Start of INFORMATION GIVEN
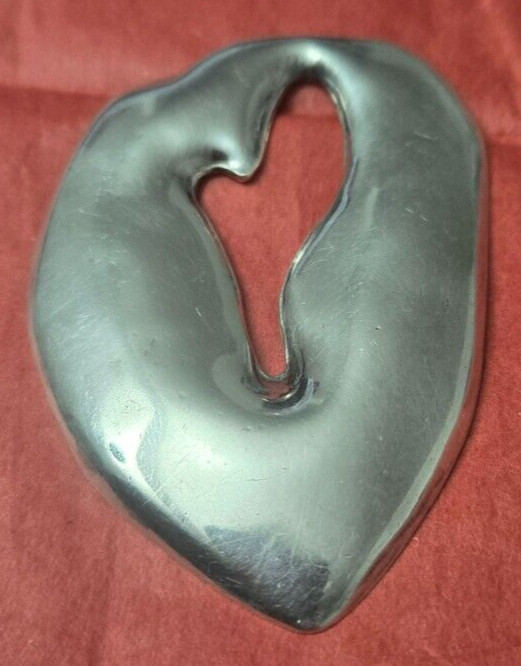 925 Sterling Silver Large 2 3/4 x 1 3/4″ Broken Heart? Pendant 24 Grams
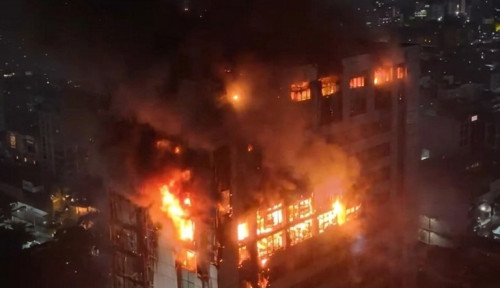 Kebakaran Gedung Bapenda DKI Diduga Berasal dari Lantai 11 yang Sedang Direnovasi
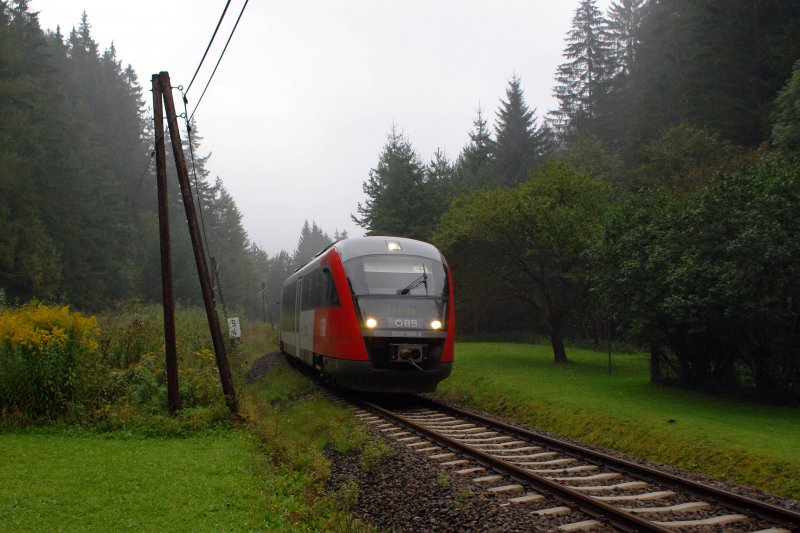 5022 046 als REX/R2703 von Wiener Neustadt Hbf nach Fehring, kurz vor der ehemaligen Haltestelle M�nichkirchen, 18.09.2009.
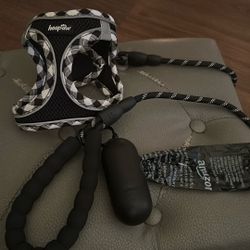 Dog Harness Black / White 
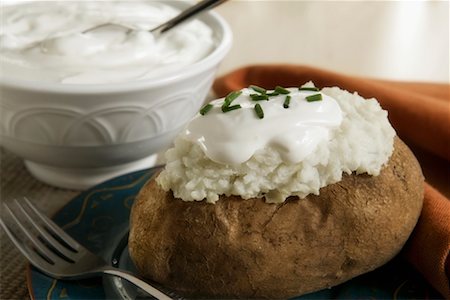 simsearch:600-01083398,k - Baked Potato Stock Photo - Rights-Managed, Code: 700-01646245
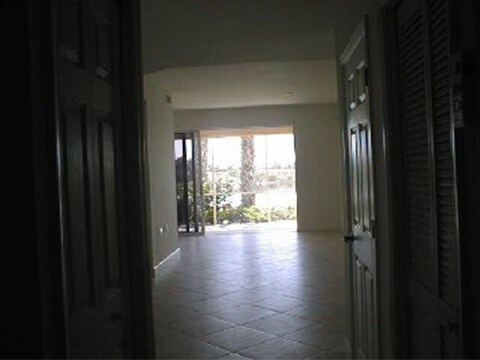 Building Photo - 9171 Palmetto Ridge Dr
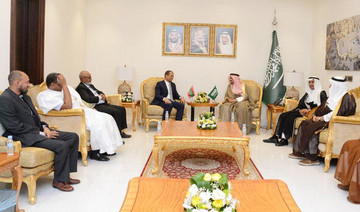 Minister discusses Hajj  with officials from  Mauritania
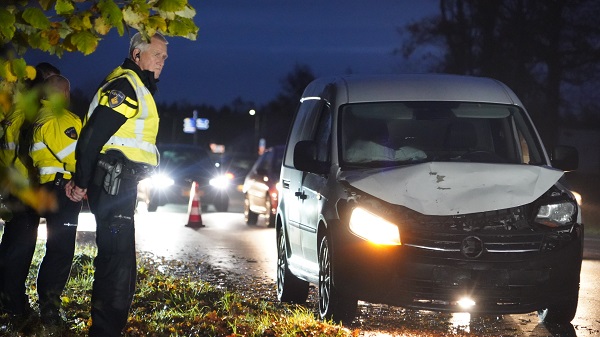 Veel schade na kop-staart aanrijding op N34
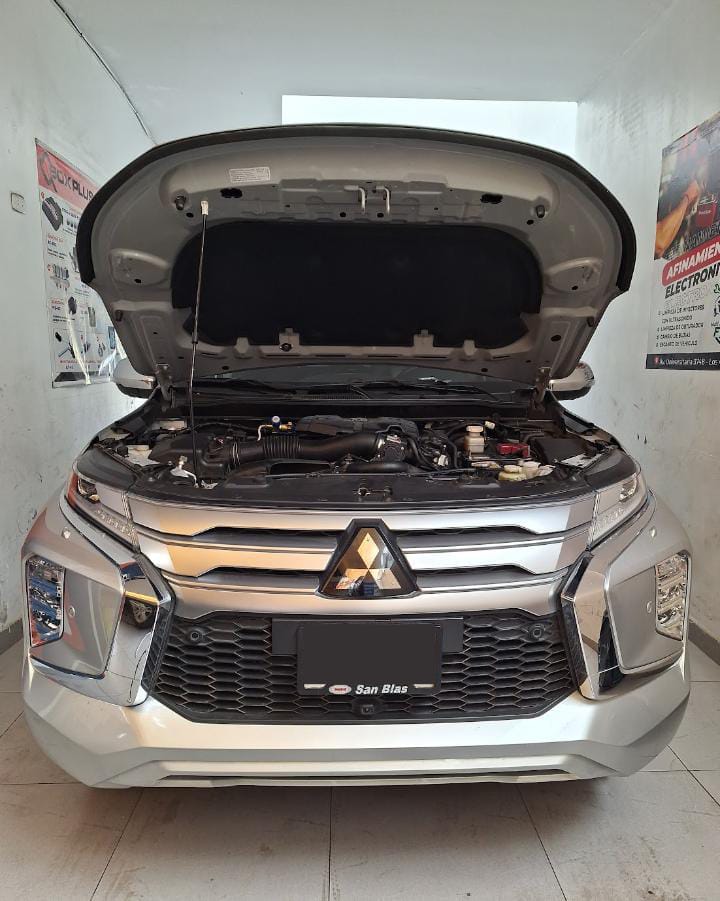 MITSUBISHI - L200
End of INFORMATION GIVEN
> **EXERCISE GOAL**
Because the copy must hold no pictures, return only the lines that run from the line containing "simsearch:600-01083398,k - Baked" to the end of the data above, each exactly as it stands.

> **ANSWER SPACE**
 simsearch:600-01083398,k - Baked Potato Stock Photo - Rights-Managed, Code: 700-01646245
 Building Photo - 9171 Palmetto Ridge Dr
 Minister discusses Hajj  with officials from  Mauritania
 Veel schade na kop-staart aanrijding op N34
 MITSUBISHI - L200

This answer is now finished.